Toplumu yanıltıcı yayın ve beyanların cezalandırılması için öngörülen bu tekliften rahatsızlıklarını ifade eden kesimler mevcut.
Masum bir sosyal medya paylaşımına bile ceza verileceği kaygısının ifade ettikleri gibi etkilerinin olacağını söylemek için gerçekten çok erken.
Kanaatimce teklif bir sansür yasası değil. Doğruyu paylaşana, gerçeğe uygun yayın yapana dokunulması mümkün değil.
İyi niyetle yapıldığı söylenen yalan paylaşımlarla toplumda uyandırdıkları infialin boyutları, insanların onur ve şahsiyetlerine karşı oluşturdukları tehdidin derecesini olayların mağdurlarından başkası tarafından bilinemez.
Paylaşımları hep kötü niyetlilerin yapmadığını görebiliyoruz. Aslında her gelen bilgiyi paylaşmamak gerektiği ilkesi bizim temel kaynaklarımızda mevcut. ‘Her duyduğunu paylaşmanın’ insan için ne anlama geldiği açık-seçik biçimde açıklanmış.
Ama öyle insanlar var ki, her konuda, her şeyi paylaşıyorlar.
Yalan, yanlış beyanlarla kimlere ne acılar çektiriyorlar.
‘Sokak röportajları’ da bu kategoride değerlendirilebilirler.
Masum bir girişim olarak düşünülebileceği gibi toplumda panik ve korku havasından başka bir amaca hizmet etmediği de görülebilir.
‘Bir kamera ve bir mikrofonu’ eline alan çıkıyor sokağa…
Kim olduğu, kime çalıştığı, görüştüğü kimselerden izin alıp, almadığı ve ulaştığı bilgileri çarpıtmadığından hiçbir biçimde emin olamadığımız insanlar çarşı-pazar geziyorlar.
Kurumsal bir yapı adına çıksalar, kim oldukları ve kime hizmet ettiklerini bilsek, belki laf etmeyiz. Biliriz ki, herhangi bir yanlışlık olduğunda kimden hesap sorulabileceği bellidir.
Çoğu zaman karşımızda bir muhatap mevcut değil.

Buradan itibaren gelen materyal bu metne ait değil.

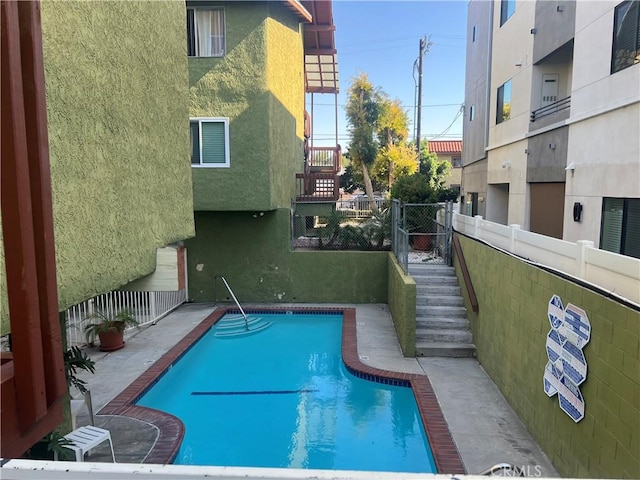 6155 Reseda Blvd Unit 9, Tarzana, CA 91335 - community pool featuring stairs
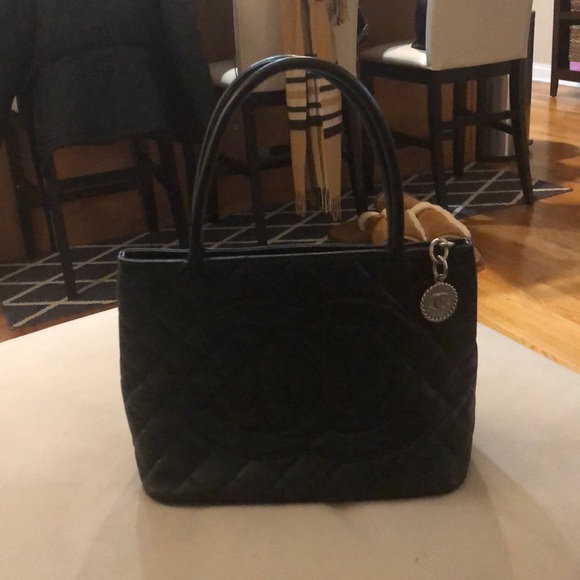 Quilted leather Chanel Medallion bag w/serial card - Picture 7 of 7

Yanlış anlaşılmasın, şu veya bu görüşe sahip olanları kastetmiyoruz. Yani, herkes usulüne uygun biçimde görüşünü açıklama özgürlüğüne sahiptir.

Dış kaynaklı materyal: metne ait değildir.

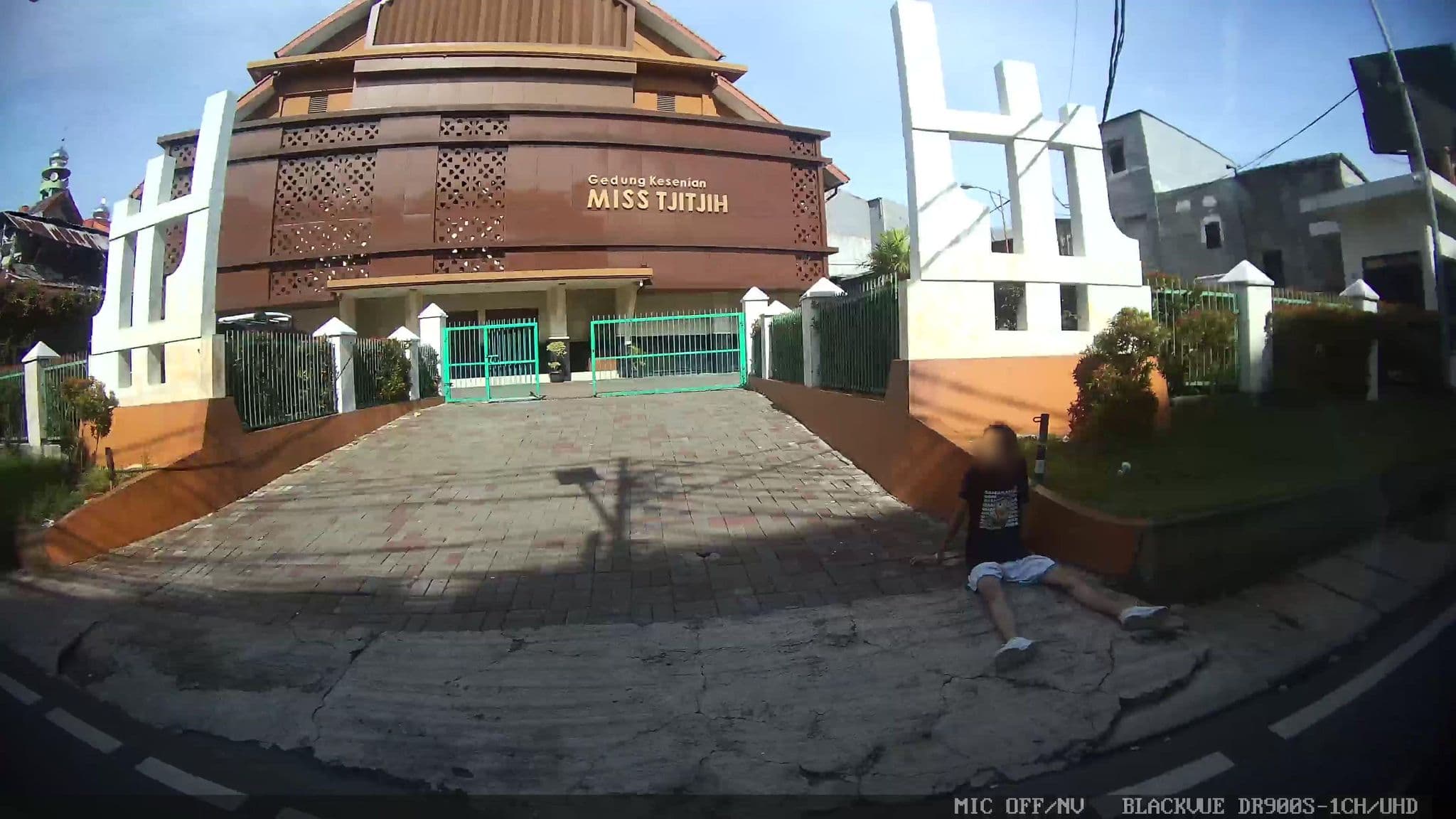 Street view near Hotel Cempaka Sari, Jakarta — © Kaart---LEFT (CC BY-SA · Mapillary)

Başkalarının kişilik haklarına saldırmamak kaydıyla...
Yalan ve yanlışlarla kişilere ve kurumlara zarar verilemez.
Bilgi asimetrisi toplumların en büyük problemleri arasında yer alıyor. Ulaştığı bir bilgiyi çarpıtarak sunan bir kesimin varlığı aşikâr.
Serseri mayın durumundaki bu grup herkese musallat olabilir.
Mağdurun çoğu zaman cevap verme hakkı, itiraz şansı da olmuyor. Yapanın, yaptığı yanına kâr kalıyor.
Yasal düzenleme saldırıları tamamen bitirmez. Kötü niyetli ve örgütlü gruplar bir şekilde varlıklarını sürdürürler. Yurtdışından yapılan yayınları engellemek mümkün olmayabilir, mesela.
Ancak, ciddi bir iyileşme sağlayacağını öngörebiliriz. Zira şu anda durum gerçekten vahim.
Haklarında yasal takibat başlatılan kişilerin cıyaklamalarına da aldanmamak gerekiyor. Herkes ayağını denk alsın. Doğruluğu belli olmayan paylaşımlara iltifat etmesinler.
‘Etik kuralları’ maalesef sosyal medya için geçerli olmuyor. Yasal süreçleri işletmenin mümkün olmadığı durumlarda mağduriyet yaşayan insanın hakkı teslim edilemiyor.
Bu girişimi destekliyoruz.
Eminim yoğun itirazlar yükselecektir.
Efendim, ‘masum insanlar mağdur olacak’ denebilir. Bu durumda kanun yapım sürecine olumlu destek sağlasınlar. Suçlu ve suçsuzun nasıl ayırt edilebileceğinin yolunu ve yöntemini göstersinler.
Sosyal medya tarafından hakkında tezvirat yapılmayan kalmamıştır herhalde. O nedenle düzenlemenin kesin ve net ifadelerle tanımlanması bir gerekliliktir.
Hesap vermeye alışık olmak gerekiyor. Haksızlığın cezası bu dünyada da gelmeli.
Doğru bilgi yaygınlaştıkça, hesap verme kültürü geliştikçe daha mutlu bir dünyanın önündeki bir engel daha kalkmış olacaktır.